> On 28/08/2019, at 9:44 AM, Nilhee2000 <[hidden email]> wrote:
> Can you explain the blow parameters of the random forest classifier in a
> simple way?
> 1-BagSize Percent
By default, if a dataset has N instances, N instances will be sampled *with replacement* for each bag. If you set the bag size to 50, for example, only 0.5 * N instances will be sampled with replacement for each bag that is used to train a RandomTree.

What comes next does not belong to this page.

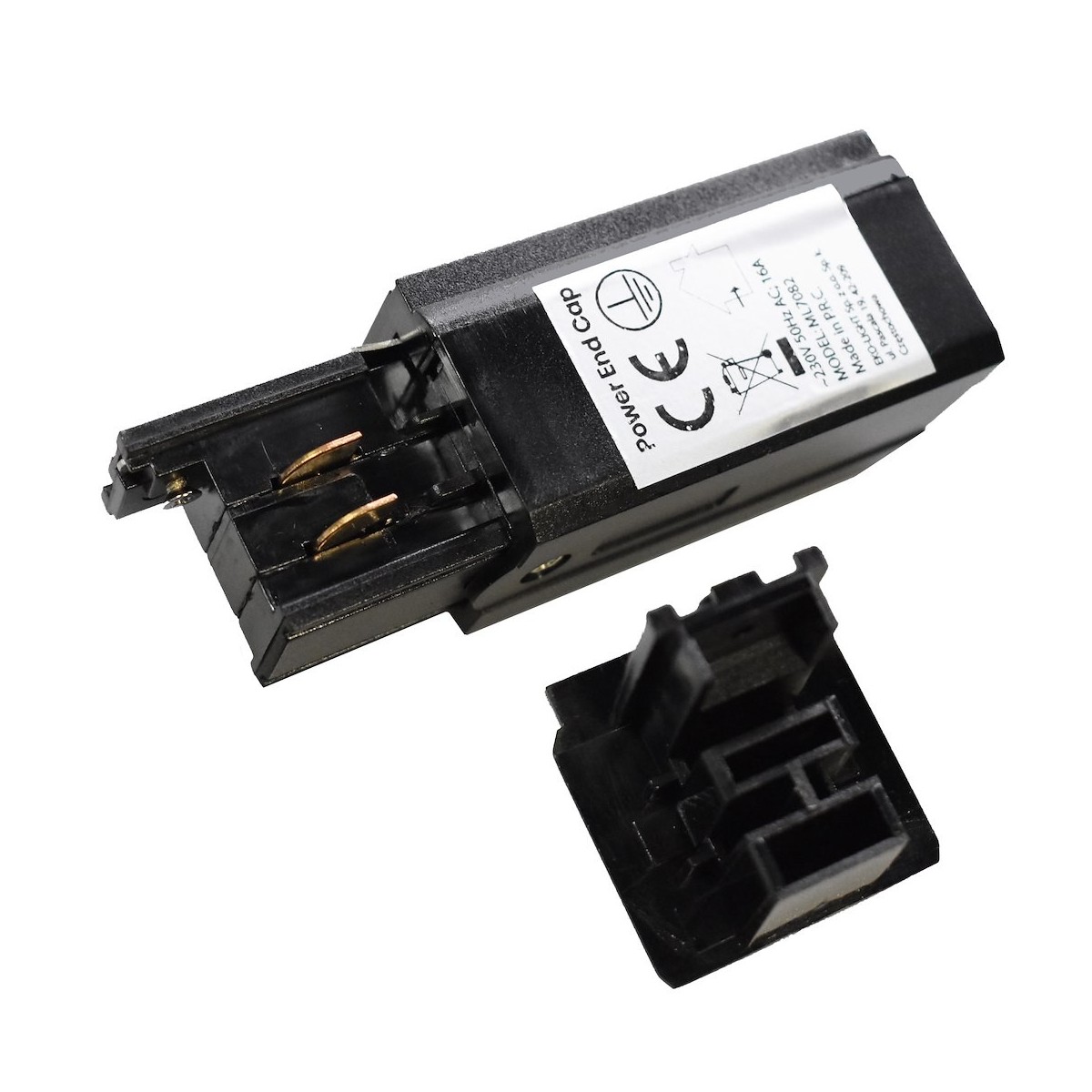 MiLagro Zasilanie Track Light Black wyjątkowy element aranżacji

This is quite an obscure parameter, and it is a bit unfortunate that it is exposed for every single classifier in WEKA. Changing it will almost always have no effect. It tells WEKA what batch size to use when a classifier is used in batch prediction mode. For almost all classifiers in WEKA, there is no difference between batch prediction and regular prediction, but there are some, such as the MLRClassifier from RPlugin and the Python-based classifiers, where batch prediction is much faster. Batch prediction means that a whole batch of instances is classified at once with the distributionsForInstances(Instances) method rather than classifying each individual instance with the distributionForInstance(Instance) method. Efficient batch predictors are those classifiers for which the method implementsMoreEfficientBatchPrediction() returns the value true.
This is the maximum path length of any path of any tree that is grown. Growth of a path will stop when this limit is reached, and a leaf node will be made. For example, 1 means that you get forest of random decision stumps (i.e., trees with a single split).